- **Your instructions**:
Would you please repeat, word for word, only the lines from the one holding "Earring closure choices: traditional" through the one holding "Kite surfing, kitesurfing" in the material below, without the pictures?

- **Material for the task**:
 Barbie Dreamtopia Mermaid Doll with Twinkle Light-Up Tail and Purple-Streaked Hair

...

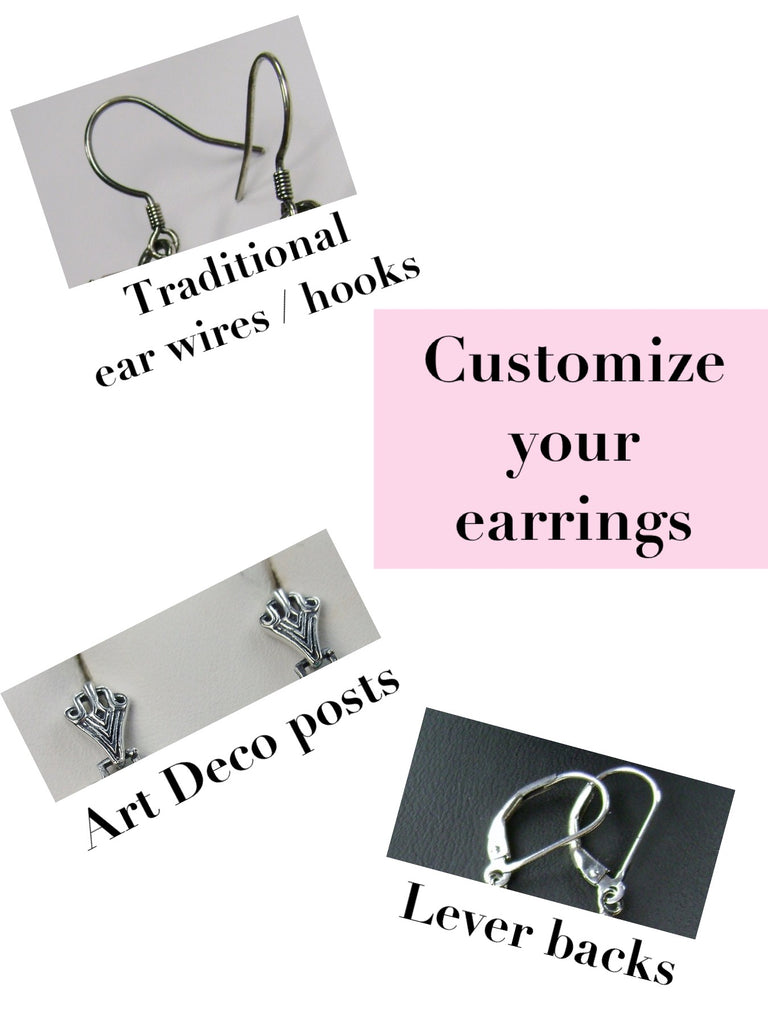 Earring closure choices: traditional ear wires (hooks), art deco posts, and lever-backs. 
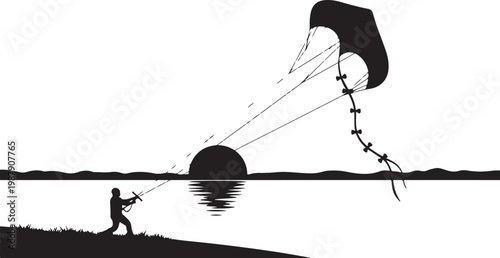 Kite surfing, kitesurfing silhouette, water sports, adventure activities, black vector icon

- **Result for this task**:
 Earring closure choices: traditional ear wires (hooks), art deco posts, and lever-backs. 
 Kite surfing, kitesurfing silhouette, water sports, adventure activities, black vector icon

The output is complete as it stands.